しかし、このとき湊が言おうとしていたのは「僕、お父さんみたいにはなれない」でした。
このとき湊が言いたかったのは、恐らく「お父さんみたいに女の人を好きになれない(女性を恋愛対象に見れない)」ということです。
湊は依里が好きだと遠回しに言いたかったと思われますが、騒音のせいもあり早織にうまく伝わらず、逆に早織の価値観を押し付けるようなやり取りになってしまいました。
校長が子どもの足を引っかけた理由
校長がスーパーで走り回る子どもの足を引っかけてわざと転ばせたのは、恐らく校長は自分の孫と同世代の子どもにも、孫の親にも怒り、憎しみなど処理しきれない感情を抱いていたからです。

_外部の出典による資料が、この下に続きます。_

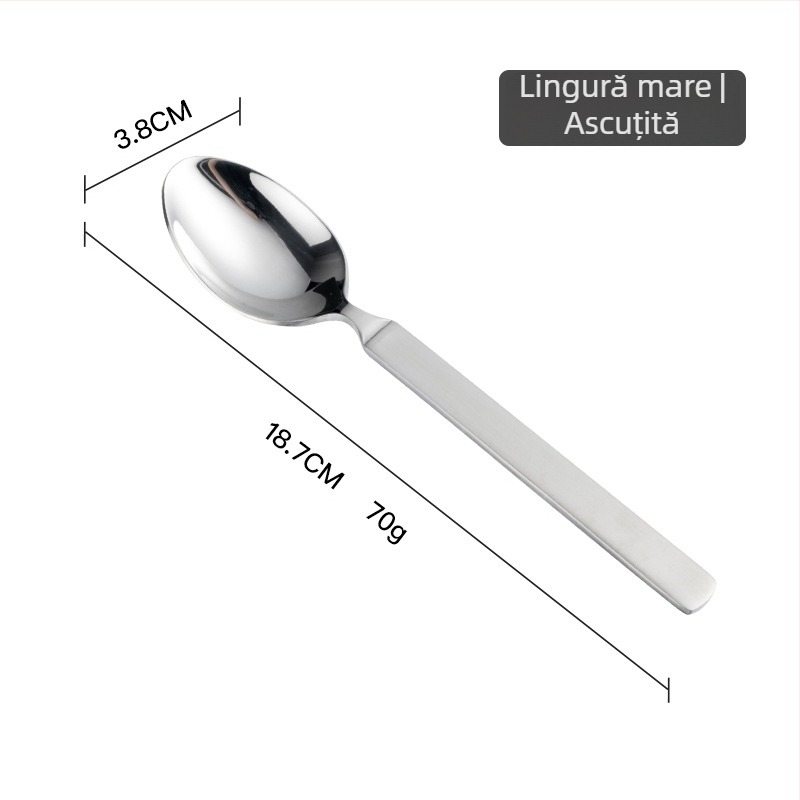 Set tacâmuri cuțit, furculiță și lingură - oțel inoxidabil 304 - finisaj oglindit - design modern minimalist - pentru adulți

校長の孫は、校長の自宅駐車スペースで遊んでいて、校長の夫が誤ってひき殺してしまいました。
表向きには校長の夫が逮捕されますが、噂や校長の態度から、本当は孫を轢いたのは校長本人だったことがわかります。
そして校長は孫の死で娘夫婦からも絶縁されました。
校長は被害者でもあり加害者でもあるわけですが、孫を亡くした被害者としての悲しみもありながら、加害者としての感情も持ち合わせている複雑な心理状態に置かれています。
加害者心理を考えると、駐車する時は車はゆっくり動かしますし、孫本人が周囲に注意を向けていれば車に気付いて避けられたはずと考えますし、引いては子どもを駐車場で見守りもせず遊ばせておく娘夫婦にも少なからず思うことがあるはずです。

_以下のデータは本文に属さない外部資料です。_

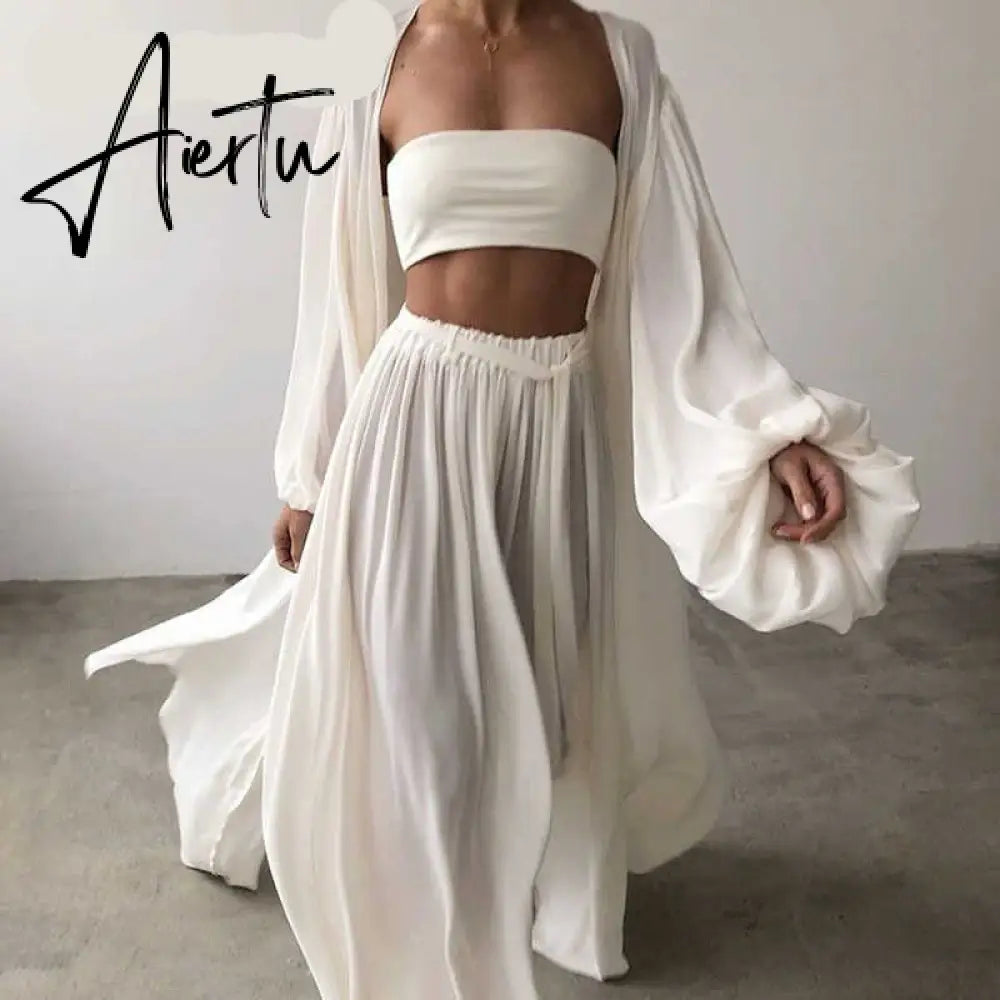 Aiertu White Sexy Three Piece Set For Women Slim Vest Lantern Sleeve Coat Wide Leg Pants Loose Sets Female Fashion New Aiertu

つまり、校長はスーパーにいた遊びに夢中になっている子どもとその母親が、校長自身の孫と娘と重なり、事故当時を思い出してモヤモヤした結果がわざと足を引っかける行動に繋がったのではないでしょうか。
もしかしたら校長は『こんな場所で走り回ると怪我をするし周囲にも迷惑をかける』と子どもに学ばせたい気持ちからわざと転ばせたのかもしれませんが、第三者から見れば陰湿な行動にしか見えません。
写真立てを見せる意味
校長は早織が座る予定の場所から亡くなった校長の孫の写真がよく見えるように置きました。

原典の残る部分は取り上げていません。